Levenshtein Distance

Levenshtein distance defines the distance between strings. It is used for spell checking and suggestions (among other applications). It is interesting as it reminded me of Hamming distance (I am looking at you, undergrad information theory course!) which led me the rabbit hole of string distance functions.

Well, wiki says it all

In information theory, linguistics, and computer science, the Levenshtein distance is a string metric for measuring the difference between two sequences. Informally, the Levenshtein distance between two words is the minimum number of single-character edits (insertions, deletions or substitutions) required to change one word into the other.

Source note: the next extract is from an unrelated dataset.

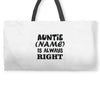 personalised auntie Weekender Totes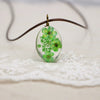 Handmade Dried Flower Necklace With Crystal Real Flower Pattern Organic Glass Pendant And Rope Chain Natural Style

Just looking at the piecewise function and pseudo-code in the wiki. It looked simple enough. and it was! I added some comments

import sys

s1 = sys.argv[1]
s2 = sys.argv[2]

def lev(t, s):
    # If one of the string is empty the distance is the lenght of the other string. DUH!
    if len(t)==0:
        return len(s)

    if len(s)==0:
        return len(t)

    # checking the first char in each string, if they are the same, call lev again
    if s[0] == t[0]:
        return lev(t[1:] , s[1:])

    # well, this is tricky, at this point, we know at least one char is difference (hence the 1 below). Then trying the least distance with and without that char in each string
    return 1 + min ([
                        lev(t[1:], s),
                        lev(t, s[1:]),
                        lev(t[1:], s[1:]),
                    ])

x = lev(s1, s2)

print("res=", x)